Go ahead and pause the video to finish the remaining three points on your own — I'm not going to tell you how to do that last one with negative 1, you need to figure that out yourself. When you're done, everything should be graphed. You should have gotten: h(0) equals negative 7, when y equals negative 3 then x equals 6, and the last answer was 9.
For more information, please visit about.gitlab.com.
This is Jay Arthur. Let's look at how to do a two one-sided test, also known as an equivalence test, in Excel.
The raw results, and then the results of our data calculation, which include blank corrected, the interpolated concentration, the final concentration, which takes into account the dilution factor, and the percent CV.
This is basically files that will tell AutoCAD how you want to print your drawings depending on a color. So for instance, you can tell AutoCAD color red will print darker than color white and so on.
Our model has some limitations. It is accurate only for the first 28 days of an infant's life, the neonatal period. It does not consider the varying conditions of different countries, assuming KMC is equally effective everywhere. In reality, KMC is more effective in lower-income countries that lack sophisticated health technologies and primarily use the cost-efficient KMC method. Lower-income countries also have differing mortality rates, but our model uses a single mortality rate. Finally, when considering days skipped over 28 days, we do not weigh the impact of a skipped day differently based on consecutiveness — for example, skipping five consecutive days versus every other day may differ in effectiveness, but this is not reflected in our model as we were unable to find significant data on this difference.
....
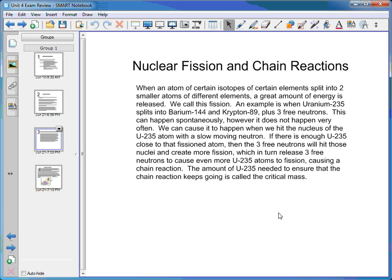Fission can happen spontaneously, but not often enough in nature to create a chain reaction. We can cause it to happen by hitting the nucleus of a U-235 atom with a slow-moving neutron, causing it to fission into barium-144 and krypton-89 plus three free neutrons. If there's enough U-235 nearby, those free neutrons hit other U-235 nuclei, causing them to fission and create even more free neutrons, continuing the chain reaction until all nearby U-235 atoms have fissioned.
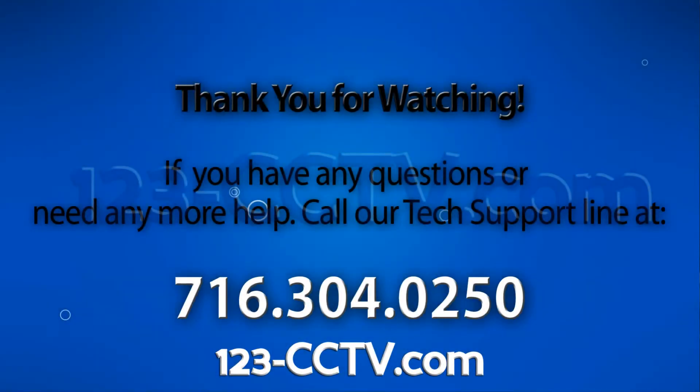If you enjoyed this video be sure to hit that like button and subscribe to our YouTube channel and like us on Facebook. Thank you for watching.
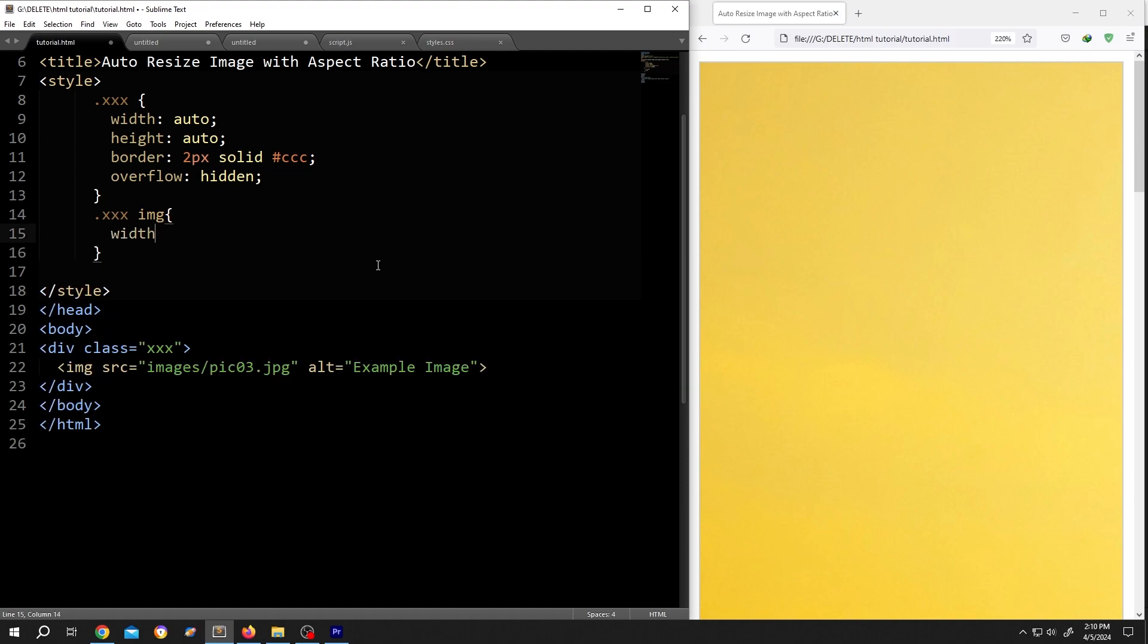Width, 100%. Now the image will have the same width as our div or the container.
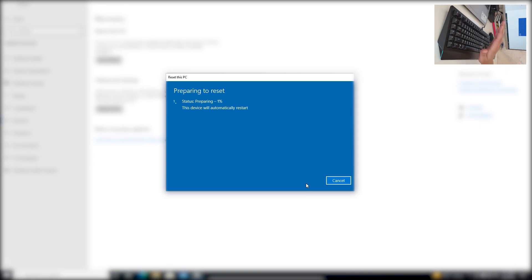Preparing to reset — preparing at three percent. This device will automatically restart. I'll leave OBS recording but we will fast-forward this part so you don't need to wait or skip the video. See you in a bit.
....
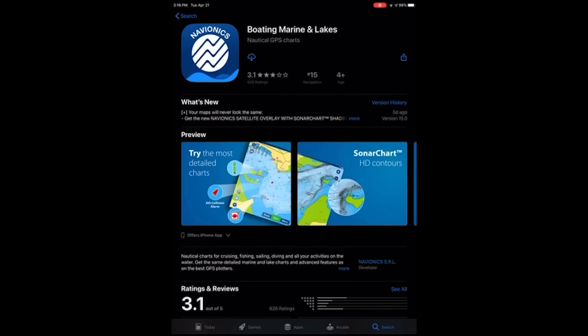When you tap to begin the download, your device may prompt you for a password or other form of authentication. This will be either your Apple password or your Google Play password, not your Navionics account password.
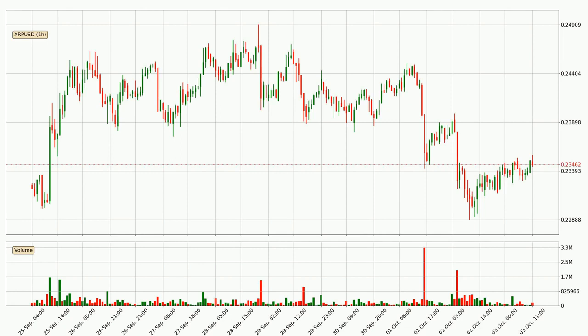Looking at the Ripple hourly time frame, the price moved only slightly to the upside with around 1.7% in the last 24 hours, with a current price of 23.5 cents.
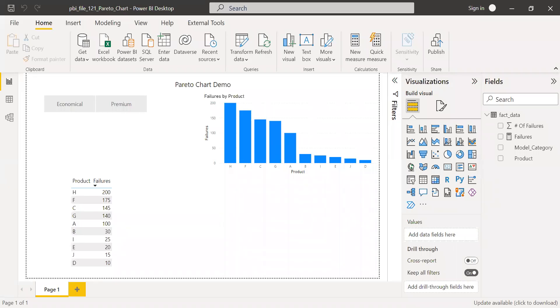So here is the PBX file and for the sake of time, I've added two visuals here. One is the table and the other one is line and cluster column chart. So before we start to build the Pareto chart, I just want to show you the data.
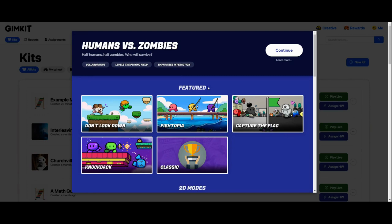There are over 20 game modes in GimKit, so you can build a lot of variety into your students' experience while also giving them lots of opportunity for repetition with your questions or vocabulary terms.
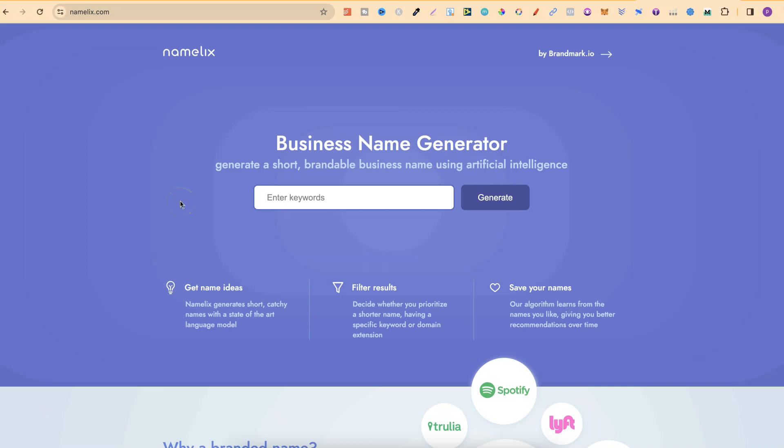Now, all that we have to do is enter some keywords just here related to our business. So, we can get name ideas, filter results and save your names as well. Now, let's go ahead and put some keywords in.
....
### WHAT IS NEEDED
Using the entries shown above, reproduce verbatim the lines from the line bearing "Go ahead and pause" to the line bearing "This is basically", inclusive.

### EXERCISE RESPONSE
Go ahead and pause the video to finish the remaining three points on your own — I'm not going to tell you how to do that last one with negative 1, you need to figure that out yourself. When you're done, everything should be graphed. You should have gotten: h(0) equals negative 7, when y equals negative 3 then x equals 6, and the last answer was 9.
For more information, please visit about.gitlab.com.
This is Jay Arthur. Let's look at how to do a two one-sided test, also known as an equivalence test, in Excel.
The raw results, and then the results of our data calculation, which include blank corrected, the interpolated concentration, the final concentration, which takes into account the dilution factor, and the percent CV.
This is basically files that will tell AutoCAD how you want to print your drawings depending on a color. So for instance, you can tell AutoCAD color red will print darker than color white and so on.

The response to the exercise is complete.